What is being asked: Reproduce the records below in full and without edits, omitting images.

Data for processing:
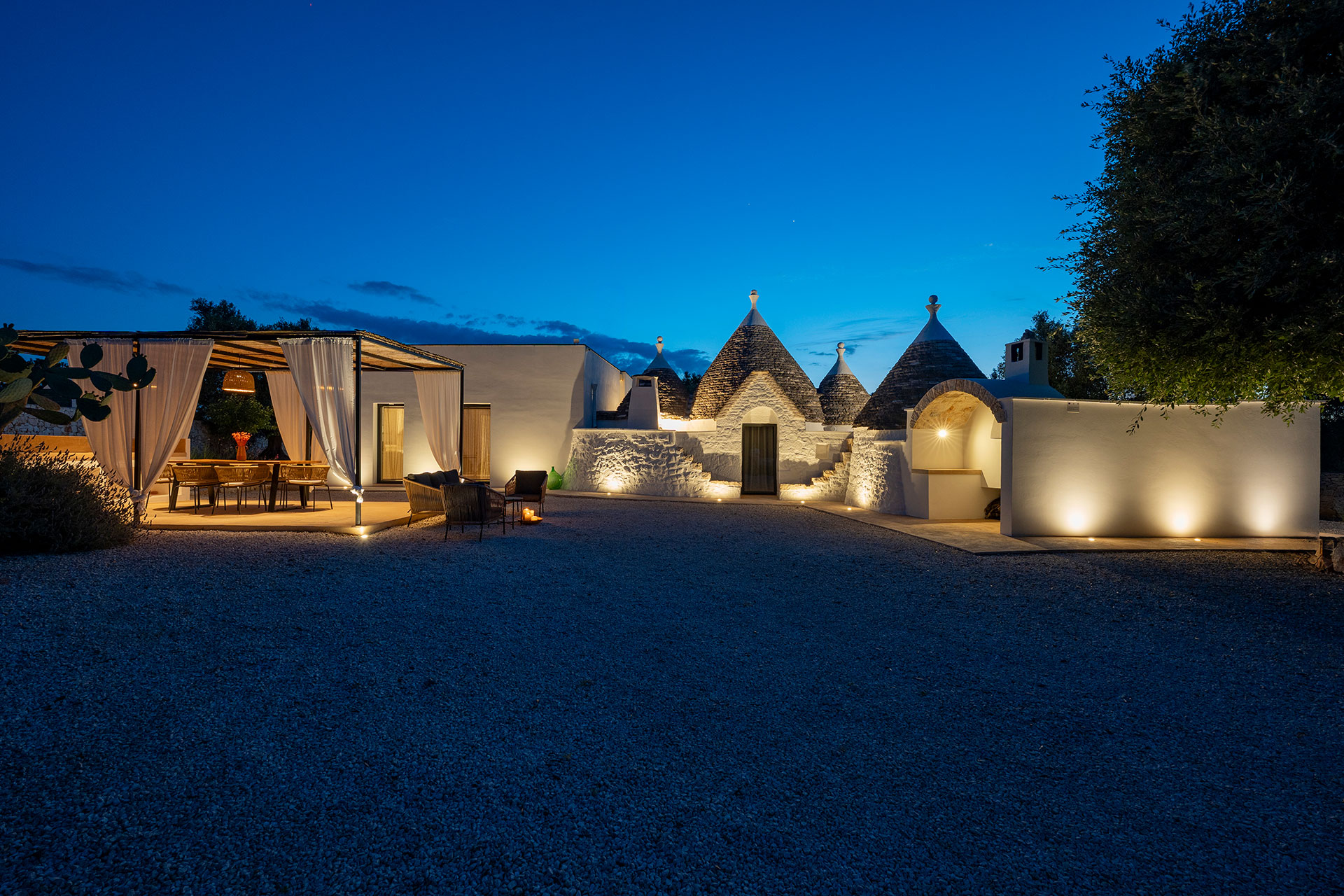 trulli-petramyrta_trullo_puglia-italy_exterior-facade-night.jpg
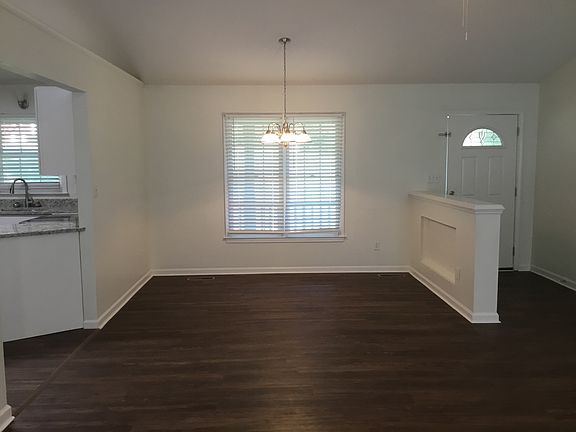 4th image of 5070 Edgefield Dr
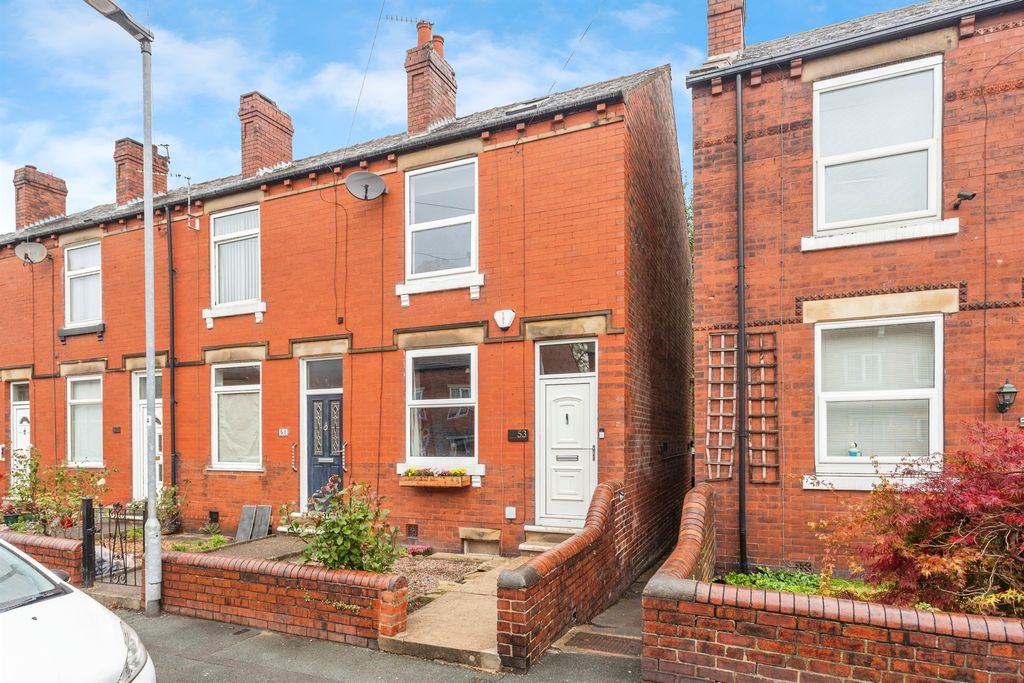 Property photo 2 of 17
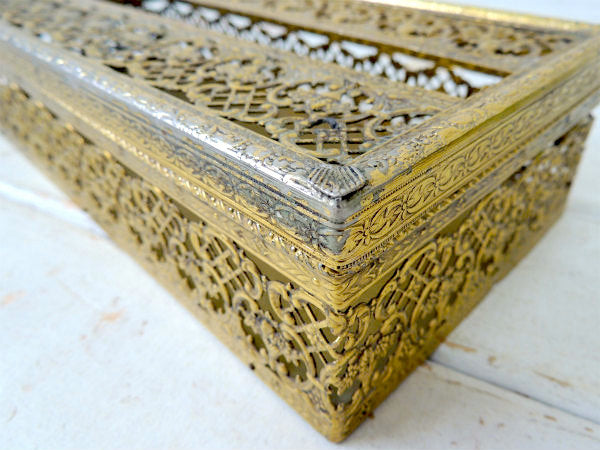 花柄・透かしデザイン・ゴールド色・ヴィンテージ・ティッシュケース・ティッシュボックス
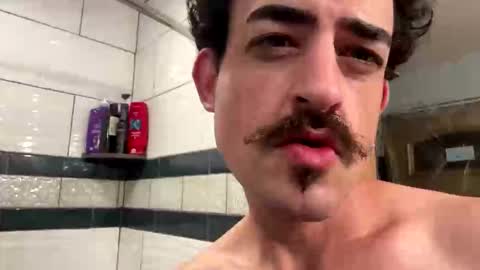 Snapshot of hydrakinglaser chatting on November 2, 2025, 8:39 am hydrakinglaser online show from November 2, 2025, 8:39 am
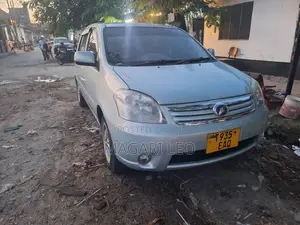 Toyota Raum 2005 Blue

Answer to this task:
 trulli-petramyrta_trullo_puglia-italy_exterior-facade-night.jpg
 4th image of 5070 Edgefield Dr
 Property photo 2 of 17
 花柄・透かしデザイン・ゴールド色・ヴィンテージ・ティッシュケース・ティッシュボックス
 Snapshot of hydrakinglaser chatting on November 2, 2025, 8:39 am hydrakinglaser online show from November 2, 2025, 8:39 am
 Toyota Raum 2005 Blue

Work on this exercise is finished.